I professionisti della sicurezza sono invitati a scoprire e risolvere eventuali problemi presenti nei sistemi OnePlus, ma anche a fornire il necessario aiuto per contrastare proattivamente le potenziali minacce esterne. I ricercatori possono segnalare le vulnerabilità attraverso il nuovo programma di bug bounty, in base al quale OnePlus pagherà somme variabili da 50 a 7.000 dollari, a seconda del potenziale impatto della minaccia. Le segnalazioni possono essere effettuate tramite il sito ufficiale, il forum della comunità e le applicazioni OnePlus.

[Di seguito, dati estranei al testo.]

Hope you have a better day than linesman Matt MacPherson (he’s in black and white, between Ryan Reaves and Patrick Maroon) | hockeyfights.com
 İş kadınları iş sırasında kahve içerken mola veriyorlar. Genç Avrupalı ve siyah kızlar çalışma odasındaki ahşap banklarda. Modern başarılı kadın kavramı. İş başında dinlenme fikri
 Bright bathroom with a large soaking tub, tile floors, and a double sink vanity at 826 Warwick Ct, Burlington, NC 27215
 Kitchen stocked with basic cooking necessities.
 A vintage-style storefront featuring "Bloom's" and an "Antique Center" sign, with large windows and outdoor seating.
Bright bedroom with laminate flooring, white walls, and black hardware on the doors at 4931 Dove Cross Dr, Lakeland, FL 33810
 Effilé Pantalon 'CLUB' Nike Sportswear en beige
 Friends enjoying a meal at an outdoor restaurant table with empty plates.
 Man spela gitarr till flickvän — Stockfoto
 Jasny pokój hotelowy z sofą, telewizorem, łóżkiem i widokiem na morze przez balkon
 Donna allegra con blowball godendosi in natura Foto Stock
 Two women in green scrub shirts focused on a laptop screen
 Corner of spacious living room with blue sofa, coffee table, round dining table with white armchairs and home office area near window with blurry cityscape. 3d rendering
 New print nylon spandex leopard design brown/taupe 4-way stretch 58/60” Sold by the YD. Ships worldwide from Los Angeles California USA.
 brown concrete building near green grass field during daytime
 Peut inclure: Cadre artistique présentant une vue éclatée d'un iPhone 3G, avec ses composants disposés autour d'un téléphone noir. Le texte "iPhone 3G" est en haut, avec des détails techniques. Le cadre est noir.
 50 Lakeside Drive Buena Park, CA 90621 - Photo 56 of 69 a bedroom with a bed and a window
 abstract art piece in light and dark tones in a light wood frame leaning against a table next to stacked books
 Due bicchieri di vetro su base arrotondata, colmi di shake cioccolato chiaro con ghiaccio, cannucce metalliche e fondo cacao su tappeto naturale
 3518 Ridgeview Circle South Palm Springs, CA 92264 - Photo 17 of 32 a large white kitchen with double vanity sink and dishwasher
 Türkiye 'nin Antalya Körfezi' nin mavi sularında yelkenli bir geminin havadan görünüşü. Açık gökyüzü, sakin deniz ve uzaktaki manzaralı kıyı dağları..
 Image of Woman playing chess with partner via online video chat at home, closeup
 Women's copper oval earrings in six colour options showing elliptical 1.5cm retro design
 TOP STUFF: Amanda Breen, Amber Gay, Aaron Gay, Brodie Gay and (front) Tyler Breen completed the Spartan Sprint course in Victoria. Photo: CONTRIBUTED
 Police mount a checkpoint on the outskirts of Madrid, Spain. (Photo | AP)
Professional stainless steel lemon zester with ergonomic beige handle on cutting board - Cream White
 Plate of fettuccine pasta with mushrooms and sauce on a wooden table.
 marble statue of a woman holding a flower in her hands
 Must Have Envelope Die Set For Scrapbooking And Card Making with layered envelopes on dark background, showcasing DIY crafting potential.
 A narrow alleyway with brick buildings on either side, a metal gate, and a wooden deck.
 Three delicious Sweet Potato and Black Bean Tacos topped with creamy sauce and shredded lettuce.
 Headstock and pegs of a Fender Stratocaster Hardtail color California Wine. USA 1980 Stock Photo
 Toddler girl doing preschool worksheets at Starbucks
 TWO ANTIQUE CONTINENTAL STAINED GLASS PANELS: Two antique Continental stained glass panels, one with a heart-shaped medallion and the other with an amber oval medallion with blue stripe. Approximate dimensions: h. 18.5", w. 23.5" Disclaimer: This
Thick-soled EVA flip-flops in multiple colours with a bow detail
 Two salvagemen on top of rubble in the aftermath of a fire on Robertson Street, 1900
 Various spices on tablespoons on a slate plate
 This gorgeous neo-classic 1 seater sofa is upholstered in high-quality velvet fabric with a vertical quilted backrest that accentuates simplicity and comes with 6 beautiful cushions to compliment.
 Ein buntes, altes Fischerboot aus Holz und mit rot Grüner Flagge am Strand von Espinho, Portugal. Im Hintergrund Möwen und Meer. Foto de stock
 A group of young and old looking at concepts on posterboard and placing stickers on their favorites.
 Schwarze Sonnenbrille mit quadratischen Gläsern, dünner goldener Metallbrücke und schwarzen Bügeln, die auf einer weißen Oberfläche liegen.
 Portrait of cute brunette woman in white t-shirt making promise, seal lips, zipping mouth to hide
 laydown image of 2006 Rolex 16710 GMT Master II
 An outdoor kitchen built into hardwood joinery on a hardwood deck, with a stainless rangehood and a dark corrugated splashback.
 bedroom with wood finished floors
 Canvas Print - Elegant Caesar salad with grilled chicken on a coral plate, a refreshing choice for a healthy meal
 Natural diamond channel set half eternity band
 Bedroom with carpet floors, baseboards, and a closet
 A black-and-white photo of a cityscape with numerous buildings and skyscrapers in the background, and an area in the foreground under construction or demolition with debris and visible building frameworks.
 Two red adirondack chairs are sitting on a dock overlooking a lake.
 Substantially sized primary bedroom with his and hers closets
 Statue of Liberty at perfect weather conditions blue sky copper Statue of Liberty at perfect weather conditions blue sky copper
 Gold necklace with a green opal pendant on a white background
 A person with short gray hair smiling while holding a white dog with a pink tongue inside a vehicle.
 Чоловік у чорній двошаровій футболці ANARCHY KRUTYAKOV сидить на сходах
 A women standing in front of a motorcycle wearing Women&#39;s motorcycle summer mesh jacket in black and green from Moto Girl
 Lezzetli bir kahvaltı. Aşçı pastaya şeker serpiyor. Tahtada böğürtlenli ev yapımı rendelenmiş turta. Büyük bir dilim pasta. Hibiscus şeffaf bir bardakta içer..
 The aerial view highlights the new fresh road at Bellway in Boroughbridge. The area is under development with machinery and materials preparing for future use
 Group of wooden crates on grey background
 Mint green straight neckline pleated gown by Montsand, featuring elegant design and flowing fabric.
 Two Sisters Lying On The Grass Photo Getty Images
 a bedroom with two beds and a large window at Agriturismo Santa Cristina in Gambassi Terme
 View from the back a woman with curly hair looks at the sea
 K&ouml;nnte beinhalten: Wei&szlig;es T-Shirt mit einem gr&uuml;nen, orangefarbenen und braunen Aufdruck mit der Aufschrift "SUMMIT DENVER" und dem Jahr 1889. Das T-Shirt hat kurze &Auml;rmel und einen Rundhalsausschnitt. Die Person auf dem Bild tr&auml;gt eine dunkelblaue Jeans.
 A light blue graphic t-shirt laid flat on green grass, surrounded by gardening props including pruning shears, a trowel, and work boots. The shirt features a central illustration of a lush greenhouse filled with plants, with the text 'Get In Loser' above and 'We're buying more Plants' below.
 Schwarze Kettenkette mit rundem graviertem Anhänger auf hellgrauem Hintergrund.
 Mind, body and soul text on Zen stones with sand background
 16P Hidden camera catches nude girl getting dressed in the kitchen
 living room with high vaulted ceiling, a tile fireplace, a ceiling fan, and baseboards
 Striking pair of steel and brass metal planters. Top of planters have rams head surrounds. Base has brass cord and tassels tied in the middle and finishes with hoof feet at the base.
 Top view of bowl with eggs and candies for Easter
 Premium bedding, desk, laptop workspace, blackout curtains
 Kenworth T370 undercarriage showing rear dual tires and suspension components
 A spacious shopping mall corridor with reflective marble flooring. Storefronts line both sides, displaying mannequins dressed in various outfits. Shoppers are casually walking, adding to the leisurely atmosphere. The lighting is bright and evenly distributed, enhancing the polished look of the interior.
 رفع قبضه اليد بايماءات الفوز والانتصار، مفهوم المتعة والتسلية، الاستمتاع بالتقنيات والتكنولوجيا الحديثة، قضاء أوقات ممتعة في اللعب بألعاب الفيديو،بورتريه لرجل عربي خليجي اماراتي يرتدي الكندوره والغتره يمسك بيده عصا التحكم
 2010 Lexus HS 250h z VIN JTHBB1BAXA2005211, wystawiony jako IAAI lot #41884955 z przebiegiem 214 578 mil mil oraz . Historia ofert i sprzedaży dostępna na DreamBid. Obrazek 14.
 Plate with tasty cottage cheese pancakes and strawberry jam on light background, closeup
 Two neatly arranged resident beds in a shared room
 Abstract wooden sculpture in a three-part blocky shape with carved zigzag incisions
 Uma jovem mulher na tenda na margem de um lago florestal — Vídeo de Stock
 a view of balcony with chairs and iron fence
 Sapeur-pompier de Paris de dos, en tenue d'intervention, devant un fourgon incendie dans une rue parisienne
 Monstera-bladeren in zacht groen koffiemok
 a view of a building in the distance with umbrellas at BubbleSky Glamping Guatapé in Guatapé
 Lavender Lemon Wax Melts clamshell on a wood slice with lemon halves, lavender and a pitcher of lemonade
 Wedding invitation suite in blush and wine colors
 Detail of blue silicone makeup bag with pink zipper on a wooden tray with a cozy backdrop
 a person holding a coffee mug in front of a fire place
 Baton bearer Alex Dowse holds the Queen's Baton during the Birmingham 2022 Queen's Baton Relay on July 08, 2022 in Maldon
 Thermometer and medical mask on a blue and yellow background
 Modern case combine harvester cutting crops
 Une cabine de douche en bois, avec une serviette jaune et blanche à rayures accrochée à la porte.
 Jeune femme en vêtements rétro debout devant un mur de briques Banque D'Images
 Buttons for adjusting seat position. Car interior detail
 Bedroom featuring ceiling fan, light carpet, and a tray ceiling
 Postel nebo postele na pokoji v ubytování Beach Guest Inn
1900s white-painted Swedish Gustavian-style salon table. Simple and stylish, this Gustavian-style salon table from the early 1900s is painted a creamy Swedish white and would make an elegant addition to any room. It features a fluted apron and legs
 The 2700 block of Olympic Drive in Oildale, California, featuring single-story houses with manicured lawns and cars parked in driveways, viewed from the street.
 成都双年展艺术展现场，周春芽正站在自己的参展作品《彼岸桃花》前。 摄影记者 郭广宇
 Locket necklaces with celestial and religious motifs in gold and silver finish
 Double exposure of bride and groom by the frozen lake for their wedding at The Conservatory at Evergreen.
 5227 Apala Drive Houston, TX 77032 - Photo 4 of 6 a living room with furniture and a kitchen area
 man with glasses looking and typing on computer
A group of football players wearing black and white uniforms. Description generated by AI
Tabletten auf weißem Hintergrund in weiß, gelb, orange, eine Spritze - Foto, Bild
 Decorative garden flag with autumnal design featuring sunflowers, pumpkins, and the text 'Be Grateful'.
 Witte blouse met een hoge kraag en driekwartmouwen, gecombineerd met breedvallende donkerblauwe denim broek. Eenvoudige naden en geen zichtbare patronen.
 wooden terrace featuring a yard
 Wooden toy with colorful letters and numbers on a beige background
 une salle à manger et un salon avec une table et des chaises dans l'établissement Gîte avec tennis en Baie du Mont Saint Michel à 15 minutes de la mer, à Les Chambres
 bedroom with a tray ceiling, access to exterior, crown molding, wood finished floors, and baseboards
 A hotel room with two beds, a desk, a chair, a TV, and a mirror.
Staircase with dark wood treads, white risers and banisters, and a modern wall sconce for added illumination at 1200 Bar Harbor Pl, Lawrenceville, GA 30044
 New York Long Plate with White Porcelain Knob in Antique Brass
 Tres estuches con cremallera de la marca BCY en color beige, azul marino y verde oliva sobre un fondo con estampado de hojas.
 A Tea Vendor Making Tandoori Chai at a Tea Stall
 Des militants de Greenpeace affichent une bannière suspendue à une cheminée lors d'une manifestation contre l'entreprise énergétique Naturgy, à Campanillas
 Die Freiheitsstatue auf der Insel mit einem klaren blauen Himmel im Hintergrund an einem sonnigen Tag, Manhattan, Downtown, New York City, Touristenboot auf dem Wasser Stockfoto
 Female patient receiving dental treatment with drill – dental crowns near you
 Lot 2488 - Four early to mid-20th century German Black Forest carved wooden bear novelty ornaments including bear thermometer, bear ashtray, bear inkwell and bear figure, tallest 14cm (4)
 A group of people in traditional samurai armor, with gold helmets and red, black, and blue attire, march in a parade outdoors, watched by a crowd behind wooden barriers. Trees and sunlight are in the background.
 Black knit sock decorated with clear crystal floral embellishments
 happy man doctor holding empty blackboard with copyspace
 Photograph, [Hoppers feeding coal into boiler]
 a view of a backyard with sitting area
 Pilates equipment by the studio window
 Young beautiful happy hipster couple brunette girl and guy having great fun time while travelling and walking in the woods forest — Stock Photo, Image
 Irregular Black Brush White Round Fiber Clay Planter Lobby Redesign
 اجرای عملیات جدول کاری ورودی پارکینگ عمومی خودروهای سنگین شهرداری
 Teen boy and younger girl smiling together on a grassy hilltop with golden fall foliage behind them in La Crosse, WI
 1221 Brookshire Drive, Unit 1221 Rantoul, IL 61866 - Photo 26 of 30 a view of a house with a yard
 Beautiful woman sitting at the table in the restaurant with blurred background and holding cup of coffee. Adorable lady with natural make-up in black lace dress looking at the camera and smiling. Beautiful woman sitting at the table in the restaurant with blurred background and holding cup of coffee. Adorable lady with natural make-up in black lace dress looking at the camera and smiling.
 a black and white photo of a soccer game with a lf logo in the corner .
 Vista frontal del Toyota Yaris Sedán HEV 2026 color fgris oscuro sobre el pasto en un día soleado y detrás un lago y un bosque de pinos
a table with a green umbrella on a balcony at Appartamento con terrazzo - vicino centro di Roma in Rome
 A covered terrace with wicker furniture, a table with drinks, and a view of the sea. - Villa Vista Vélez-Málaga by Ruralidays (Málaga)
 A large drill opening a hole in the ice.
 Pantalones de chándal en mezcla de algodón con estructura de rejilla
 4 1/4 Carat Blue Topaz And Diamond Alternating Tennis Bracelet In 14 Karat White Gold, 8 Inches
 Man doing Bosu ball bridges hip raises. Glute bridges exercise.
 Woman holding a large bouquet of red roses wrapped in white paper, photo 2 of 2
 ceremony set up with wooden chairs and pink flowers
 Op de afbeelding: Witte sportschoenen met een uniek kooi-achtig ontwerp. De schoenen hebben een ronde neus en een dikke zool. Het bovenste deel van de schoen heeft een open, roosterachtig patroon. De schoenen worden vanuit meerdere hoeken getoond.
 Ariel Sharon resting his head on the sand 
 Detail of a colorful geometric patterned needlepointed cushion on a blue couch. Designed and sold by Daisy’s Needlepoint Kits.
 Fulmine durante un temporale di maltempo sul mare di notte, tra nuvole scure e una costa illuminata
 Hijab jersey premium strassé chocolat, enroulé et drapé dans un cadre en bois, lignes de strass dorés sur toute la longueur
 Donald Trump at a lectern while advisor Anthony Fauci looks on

La partnership con la piattaforma di sicurezza HackerOne consentirà al produttore cinese di ottenere informazioni dai migliori ricercatori, accademici ed esperti indipendenti per scoprire le potenziali minacce ai sistemi OnePlus. La collaborazione prenderà il via con un programma pilota, al quale parteciperanno ricercatori selezionati che dovranno testare i sistemi OnePlus e presentare i loro rapporti attraverso HackerOne. Una versione pubblica del programma diventerà operativa nel 2020.